Scale mail armor chainmail types explained: discover popular styles now.

Scale mail armor chainmail types explained: discover popular styles now.

How I Got Sucked into Mail Armor Madness

Okay so last weekend I was binge-watching fantasy shows when I saw this warrior wearing shiny fish-scale armor. I’m like “man I wanna make something like that for Renaissance fair” but didn’t know scale mail vs chainmail difference. Started googling stuff like a madman at 2AM.

Gathering Supplies Like a Squirrel

First thing next morning I raided my garage for materials. Found:

  • A bunch of washers from that plumbing project I never finished
  • Grandpa’s old toolbox with metal cutting snips
  • Some leather strips from when I tried making bracelets
  • My kid’s modeling pliers (don’t tell him!)

The Epic Fail Phase

Started trying to copy what I saw online. Cut washers into tiny scales – took forever and looked like garbage. Then tried linking them using jump rings like normal chainmail but everything kept flipping sideways. Had scales pointing everywhere like a pinecone. Wasted three hours before realizing you gotta OVERLAP them downward to work.

Major lightbulb moment: Scale mail isn’t actually chainmail at all! Proper chainmail connects rings to rings like a net, while scale hooks plates onto leather/fabric or onto mail rings.

Scale mail armor chainmail types explained: discover popular styles now.

Experimenting with Styles

After wasting 50 washers, I finally got these styles figured out:

  • Classic scale – Like those roof shingles where each row covers the row below it. Soaked leather in water overnight before attaching so it tightens as dries
  • Roman style – Made horizontal rows with scales riveted between mail rings, kept splitting my thumbnail opening those tiny jump rings
  • Lamellar madness – Tried lacing scales side-to-side like samurai armor. Looks cool but took me 45 minutes per row!

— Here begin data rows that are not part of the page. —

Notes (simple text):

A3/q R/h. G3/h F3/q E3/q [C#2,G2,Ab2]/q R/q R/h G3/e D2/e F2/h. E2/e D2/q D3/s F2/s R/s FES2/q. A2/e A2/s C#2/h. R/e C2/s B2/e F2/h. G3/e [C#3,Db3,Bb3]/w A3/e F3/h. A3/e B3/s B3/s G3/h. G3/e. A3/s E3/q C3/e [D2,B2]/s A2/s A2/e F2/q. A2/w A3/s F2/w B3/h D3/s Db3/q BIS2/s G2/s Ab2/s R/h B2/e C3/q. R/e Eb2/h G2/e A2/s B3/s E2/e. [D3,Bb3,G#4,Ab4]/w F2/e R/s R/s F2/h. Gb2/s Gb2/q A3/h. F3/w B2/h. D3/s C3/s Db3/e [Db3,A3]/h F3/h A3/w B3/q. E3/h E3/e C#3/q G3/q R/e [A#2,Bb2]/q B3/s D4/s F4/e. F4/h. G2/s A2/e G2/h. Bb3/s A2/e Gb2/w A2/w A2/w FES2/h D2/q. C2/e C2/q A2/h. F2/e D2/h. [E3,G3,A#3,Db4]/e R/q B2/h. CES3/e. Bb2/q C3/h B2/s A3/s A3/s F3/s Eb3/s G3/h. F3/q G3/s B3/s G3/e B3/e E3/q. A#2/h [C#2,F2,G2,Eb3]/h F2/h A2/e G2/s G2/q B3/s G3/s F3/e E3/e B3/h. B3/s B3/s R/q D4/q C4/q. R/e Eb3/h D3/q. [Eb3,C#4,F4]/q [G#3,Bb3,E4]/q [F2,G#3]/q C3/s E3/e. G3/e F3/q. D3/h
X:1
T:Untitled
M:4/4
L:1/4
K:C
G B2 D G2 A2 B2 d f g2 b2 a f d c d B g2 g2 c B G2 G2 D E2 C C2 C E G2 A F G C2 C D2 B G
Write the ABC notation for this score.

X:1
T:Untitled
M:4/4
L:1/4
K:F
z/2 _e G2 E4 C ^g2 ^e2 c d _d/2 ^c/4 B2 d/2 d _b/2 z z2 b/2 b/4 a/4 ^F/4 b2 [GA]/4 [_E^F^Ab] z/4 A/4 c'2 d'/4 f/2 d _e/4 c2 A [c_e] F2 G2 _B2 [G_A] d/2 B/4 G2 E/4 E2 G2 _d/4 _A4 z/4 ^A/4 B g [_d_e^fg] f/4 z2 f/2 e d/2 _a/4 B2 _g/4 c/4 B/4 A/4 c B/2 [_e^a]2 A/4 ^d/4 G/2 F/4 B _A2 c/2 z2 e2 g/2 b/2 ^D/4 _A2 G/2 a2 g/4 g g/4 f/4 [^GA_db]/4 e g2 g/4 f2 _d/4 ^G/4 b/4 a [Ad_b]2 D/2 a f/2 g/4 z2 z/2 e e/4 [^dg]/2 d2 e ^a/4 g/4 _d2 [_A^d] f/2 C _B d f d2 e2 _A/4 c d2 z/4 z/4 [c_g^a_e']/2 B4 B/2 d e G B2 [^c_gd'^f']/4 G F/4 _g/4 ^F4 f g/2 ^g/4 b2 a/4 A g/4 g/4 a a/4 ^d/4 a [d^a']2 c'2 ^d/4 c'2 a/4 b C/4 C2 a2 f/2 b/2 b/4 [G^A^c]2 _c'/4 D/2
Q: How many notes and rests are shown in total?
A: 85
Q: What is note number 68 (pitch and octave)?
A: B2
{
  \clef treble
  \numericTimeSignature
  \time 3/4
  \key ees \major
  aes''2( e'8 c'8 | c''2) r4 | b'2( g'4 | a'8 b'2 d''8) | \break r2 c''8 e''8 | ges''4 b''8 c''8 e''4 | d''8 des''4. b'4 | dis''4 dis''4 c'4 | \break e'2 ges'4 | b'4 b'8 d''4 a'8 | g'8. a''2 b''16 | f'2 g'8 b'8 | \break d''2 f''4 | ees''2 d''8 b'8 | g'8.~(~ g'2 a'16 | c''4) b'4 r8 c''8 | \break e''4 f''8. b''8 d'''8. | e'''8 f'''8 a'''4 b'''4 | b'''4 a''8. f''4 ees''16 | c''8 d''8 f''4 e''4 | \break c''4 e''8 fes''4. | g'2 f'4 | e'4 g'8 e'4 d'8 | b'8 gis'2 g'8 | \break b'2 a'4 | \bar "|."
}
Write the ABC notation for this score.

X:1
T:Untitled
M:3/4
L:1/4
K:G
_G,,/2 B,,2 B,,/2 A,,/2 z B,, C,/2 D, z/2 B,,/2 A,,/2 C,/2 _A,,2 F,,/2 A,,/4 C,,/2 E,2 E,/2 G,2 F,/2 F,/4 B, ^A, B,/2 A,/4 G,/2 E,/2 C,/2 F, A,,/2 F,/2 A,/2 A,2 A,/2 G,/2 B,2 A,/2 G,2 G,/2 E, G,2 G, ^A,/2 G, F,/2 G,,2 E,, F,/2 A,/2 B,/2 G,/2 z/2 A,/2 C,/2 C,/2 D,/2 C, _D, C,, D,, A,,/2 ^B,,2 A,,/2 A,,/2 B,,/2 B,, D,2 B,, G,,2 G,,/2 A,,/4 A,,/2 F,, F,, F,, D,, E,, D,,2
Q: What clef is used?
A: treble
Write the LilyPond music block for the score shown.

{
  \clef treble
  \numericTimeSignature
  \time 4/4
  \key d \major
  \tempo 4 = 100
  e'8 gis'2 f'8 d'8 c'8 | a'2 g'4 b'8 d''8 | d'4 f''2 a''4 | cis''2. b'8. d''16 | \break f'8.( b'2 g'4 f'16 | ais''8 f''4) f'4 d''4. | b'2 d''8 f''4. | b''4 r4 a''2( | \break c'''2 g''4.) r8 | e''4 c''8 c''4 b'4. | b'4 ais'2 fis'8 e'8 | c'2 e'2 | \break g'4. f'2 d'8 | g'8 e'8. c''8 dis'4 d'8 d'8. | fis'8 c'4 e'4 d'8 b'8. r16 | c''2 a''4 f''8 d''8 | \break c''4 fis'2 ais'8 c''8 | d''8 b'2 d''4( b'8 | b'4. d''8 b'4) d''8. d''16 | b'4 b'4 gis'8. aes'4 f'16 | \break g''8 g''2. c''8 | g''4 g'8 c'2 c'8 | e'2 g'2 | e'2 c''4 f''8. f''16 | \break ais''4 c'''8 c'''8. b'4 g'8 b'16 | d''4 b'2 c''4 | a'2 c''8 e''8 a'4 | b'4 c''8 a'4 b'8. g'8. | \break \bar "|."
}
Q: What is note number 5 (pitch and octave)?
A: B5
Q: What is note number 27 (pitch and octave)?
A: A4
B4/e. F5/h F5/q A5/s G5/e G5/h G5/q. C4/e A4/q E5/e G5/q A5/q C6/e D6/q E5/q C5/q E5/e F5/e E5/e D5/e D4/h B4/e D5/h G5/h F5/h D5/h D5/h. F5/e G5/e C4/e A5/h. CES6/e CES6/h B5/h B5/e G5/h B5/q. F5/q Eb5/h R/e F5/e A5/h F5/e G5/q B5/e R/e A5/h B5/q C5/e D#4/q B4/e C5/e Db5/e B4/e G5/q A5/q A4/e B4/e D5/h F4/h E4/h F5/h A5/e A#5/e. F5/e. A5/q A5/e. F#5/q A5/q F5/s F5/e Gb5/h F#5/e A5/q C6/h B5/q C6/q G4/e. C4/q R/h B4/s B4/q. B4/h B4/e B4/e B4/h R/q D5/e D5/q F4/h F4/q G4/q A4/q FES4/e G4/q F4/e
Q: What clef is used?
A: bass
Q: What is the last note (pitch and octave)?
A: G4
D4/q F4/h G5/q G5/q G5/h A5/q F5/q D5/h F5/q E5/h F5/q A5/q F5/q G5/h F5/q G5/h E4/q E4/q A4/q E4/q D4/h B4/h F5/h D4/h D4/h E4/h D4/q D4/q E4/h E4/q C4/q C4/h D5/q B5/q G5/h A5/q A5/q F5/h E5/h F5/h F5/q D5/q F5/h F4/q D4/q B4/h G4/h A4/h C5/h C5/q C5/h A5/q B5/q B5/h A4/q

My hands got wrecked bending metal for hours. Bandaged three cuts before giving up and ordering pre-cut aluminum scales online like a normal person.

What Actually Works for Beginners

Truth bomb: Proper European chainmail is way simpler than scale armor! Made a patch using 4-in-1 pattern (one ring connects four neighbors) in like twenty minutes. For scales, fish-scale arrangement is easiest starter pattern – way more forgiving than trying straight rows.

Final thoughts? Chainmail = satisfying clicky puzzle. Scale armor = masochistic plate-wrangling marathon. Still proud of my shitty washer-scales though. Hanging them on my garage wall to remind me that YouTube tutorials lie about “easy DIY armor” projects!